The University of Rochester Medical Center (URMC) spent $3 million on payment to OCR for the HIPAA penalty over its failure to use encryption on its mobile gadgets and for other HIPAA rules violations.
URMC is one of the biggest health systems in New York. The Medical Center and other health system facilities of URMC, like the School of Dentistry and Strong Memorial Hospital, have over 26,000 employees.
The Department of Health and Human Services’ Office for Civil Rights (OCR) made a decision to investigate UMRC after the receipt of two breach reports, one in 2013 and another in 2017. The first involved a missing unencrypted flash drive and the second involved an unencrypted laptop that was stolen.

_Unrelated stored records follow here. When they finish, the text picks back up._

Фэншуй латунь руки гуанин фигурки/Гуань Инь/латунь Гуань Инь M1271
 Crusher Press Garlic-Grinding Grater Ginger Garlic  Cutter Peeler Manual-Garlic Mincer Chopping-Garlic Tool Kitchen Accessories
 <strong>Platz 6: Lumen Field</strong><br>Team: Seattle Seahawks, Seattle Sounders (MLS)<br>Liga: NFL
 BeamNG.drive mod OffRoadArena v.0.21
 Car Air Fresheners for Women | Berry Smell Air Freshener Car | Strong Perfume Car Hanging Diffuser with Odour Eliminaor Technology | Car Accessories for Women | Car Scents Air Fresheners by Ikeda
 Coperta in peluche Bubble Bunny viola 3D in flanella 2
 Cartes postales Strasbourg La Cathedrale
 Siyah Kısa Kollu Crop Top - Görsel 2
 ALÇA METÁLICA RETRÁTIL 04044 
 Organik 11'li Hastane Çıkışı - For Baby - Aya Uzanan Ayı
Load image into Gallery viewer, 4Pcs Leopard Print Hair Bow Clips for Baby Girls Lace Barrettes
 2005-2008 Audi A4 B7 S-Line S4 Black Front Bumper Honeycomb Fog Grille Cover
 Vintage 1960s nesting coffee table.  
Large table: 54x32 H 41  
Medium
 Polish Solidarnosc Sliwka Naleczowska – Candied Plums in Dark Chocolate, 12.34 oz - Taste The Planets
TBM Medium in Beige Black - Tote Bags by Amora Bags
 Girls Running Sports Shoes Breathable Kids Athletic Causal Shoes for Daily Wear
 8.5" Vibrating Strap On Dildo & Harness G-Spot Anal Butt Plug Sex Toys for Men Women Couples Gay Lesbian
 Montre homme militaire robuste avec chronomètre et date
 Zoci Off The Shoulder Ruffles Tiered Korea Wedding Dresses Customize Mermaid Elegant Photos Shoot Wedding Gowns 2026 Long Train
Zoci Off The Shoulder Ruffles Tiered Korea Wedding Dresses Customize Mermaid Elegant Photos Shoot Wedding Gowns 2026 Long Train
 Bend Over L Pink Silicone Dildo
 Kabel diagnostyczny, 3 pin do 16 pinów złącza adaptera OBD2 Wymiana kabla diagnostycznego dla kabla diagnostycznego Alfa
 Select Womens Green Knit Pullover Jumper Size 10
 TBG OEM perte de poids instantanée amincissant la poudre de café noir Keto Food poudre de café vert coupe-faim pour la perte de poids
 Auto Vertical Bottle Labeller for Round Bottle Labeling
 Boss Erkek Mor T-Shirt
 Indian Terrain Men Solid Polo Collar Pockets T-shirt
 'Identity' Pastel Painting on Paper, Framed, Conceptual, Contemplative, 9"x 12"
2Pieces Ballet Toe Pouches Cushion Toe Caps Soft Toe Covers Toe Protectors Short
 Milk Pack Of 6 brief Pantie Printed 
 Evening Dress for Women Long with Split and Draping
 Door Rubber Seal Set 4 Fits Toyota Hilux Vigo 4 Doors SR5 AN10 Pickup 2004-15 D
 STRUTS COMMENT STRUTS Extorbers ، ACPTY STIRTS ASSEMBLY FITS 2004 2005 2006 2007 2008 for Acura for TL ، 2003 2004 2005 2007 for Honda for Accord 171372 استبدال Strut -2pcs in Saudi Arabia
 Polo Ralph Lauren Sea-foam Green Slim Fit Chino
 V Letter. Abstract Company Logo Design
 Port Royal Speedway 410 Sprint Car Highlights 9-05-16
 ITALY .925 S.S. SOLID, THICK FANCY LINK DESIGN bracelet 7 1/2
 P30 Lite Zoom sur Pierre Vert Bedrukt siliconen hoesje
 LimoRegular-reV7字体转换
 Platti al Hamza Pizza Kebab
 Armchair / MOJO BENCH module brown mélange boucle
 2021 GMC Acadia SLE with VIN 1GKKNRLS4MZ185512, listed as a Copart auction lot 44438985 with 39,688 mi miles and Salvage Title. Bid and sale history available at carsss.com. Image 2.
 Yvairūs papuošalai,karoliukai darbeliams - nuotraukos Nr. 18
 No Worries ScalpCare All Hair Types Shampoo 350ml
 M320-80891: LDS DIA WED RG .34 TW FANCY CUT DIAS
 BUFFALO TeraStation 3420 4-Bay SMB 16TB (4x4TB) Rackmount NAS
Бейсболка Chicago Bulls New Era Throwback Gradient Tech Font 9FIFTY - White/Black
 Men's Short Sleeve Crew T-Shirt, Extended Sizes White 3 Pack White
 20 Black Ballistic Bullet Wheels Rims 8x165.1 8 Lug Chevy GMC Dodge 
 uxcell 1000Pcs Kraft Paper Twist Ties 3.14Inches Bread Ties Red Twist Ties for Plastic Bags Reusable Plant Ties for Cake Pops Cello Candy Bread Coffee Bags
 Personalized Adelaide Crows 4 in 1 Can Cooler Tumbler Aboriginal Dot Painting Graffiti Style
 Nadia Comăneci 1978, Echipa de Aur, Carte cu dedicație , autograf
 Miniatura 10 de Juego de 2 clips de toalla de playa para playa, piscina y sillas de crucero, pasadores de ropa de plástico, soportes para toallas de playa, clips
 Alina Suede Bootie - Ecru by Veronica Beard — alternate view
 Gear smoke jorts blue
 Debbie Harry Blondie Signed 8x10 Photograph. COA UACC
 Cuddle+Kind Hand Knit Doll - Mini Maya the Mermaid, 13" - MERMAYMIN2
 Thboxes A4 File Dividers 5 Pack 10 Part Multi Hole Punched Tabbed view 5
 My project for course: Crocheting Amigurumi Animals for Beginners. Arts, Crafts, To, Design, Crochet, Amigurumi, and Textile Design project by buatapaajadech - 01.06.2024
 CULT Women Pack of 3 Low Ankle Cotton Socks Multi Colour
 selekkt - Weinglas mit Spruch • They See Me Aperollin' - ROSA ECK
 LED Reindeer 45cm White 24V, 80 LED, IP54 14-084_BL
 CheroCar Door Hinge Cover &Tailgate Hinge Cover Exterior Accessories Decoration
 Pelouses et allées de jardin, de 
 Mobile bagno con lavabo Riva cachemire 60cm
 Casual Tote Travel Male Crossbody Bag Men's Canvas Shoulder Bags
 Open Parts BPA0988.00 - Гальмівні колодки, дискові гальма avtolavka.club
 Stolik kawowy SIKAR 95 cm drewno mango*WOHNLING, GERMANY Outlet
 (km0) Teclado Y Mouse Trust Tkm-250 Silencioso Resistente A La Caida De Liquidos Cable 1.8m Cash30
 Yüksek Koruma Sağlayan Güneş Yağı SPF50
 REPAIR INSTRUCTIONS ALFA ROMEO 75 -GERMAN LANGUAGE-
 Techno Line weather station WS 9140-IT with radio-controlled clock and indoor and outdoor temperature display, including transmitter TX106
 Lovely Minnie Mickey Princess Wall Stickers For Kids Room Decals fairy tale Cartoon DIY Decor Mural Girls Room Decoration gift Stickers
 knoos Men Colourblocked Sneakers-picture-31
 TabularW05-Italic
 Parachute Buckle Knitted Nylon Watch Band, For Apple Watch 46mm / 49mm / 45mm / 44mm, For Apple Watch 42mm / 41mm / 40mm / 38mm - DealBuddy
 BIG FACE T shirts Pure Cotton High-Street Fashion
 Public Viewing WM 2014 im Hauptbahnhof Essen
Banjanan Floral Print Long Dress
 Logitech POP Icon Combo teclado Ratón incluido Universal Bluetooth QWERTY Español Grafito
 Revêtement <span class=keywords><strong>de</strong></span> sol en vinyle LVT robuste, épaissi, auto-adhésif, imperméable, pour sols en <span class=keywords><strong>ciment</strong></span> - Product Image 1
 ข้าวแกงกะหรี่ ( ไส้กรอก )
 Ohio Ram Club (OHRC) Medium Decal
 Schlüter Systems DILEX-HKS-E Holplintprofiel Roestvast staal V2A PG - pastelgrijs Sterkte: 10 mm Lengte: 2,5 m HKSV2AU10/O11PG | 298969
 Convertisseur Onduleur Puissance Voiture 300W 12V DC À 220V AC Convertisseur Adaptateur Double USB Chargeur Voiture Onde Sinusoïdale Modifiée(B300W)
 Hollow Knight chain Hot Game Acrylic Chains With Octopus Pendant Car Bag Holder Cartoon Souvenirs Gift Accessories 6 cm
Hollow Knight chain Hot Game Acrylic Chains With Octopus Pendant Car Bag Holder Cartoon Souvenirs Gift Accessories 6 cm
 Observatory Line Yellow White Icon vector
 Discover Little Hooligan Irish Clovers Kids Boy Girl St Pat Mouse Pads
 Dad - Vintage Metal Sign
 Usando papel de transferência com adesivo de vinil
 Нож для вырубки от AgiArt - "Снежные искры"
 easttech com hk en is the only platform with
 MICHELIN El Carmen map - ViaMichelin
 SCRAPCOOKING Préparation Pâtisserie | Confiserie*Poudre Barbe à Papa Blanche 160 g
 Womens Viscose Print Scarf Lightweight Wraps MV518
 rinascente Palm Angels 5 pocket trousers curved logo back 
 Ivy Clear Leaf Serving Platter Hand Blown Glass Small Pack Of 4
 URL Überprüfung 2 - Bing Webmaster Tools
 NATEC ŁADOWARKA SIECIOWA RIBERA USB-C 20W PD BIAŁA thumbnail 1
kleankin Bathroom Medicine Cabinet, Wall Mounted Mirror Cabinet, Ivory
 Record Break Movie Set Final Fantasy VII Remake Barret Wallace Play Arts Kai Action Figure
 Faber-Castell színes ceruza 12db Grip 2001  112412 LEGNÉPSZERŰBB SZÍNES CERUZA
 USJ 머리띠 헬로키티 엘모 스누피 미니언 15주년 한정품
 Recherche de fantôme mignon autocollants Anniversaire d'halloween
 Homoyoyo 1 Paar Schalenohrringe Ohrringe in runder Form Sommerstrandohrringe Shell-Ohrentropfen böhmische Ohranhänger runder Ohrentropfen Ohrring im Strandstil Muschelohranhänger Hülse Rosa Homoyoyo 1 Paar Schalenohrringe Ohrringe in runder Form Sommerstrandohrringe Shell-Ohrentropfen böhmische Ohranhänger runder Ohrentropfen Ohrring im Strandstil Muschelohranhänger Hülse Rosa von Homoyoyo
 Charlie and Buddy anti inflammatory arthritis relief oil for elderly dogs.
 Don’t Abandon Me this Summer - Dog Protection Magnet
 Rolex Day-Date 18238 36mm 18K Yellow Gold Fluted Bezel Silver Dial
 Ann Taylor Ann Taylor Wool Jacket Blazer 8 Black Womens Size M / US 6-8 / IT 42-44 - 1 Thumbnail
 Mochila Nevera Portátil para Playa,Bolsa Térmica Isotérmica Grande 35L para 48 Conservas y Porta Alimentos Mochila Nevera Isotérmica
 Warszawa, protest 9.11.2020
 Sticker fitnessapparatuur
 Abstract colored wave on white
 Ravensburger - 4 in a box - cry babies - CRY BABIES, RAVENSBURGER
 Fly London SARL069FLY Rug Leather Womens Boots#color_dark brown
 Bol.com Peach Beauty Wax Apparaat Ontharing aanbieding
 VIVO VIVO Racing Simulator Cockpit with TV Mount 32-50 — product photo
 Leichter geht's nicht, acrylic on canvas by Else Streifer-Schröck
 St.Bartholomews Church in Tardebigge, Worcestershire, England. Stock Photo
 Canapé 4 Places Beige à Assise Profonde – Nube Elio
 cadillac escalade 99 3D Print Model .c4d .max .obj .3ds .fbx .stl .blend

The first OCR investigation of URMC was done in 2010 as a result of a breach very much like the case of the missing flash drive. OCR provided URMC with technical compliance assistance at that time. In the latest investigation, OCR saw a number of HIPAA Rules violations, such as the noncompliance in issues that should have been resolved by URMC in 2010 after receiving technical assistance.
Data encryption is not required under the HIPAA. However covered entities should decide if it needs encryption after doing a risk analysis. Another security solution can be used if it provides a similar level of security as encryption.
URMC’s risk assessment showed that without encryption, the confidentiality, integrity and availability of ePHI are at high risk. Despite that information, URMC did not use encryption and continued to use unencrypted mobile devices with ePHI. That violates 45 C.F.R. § 164.31 2(a)(2)(iv).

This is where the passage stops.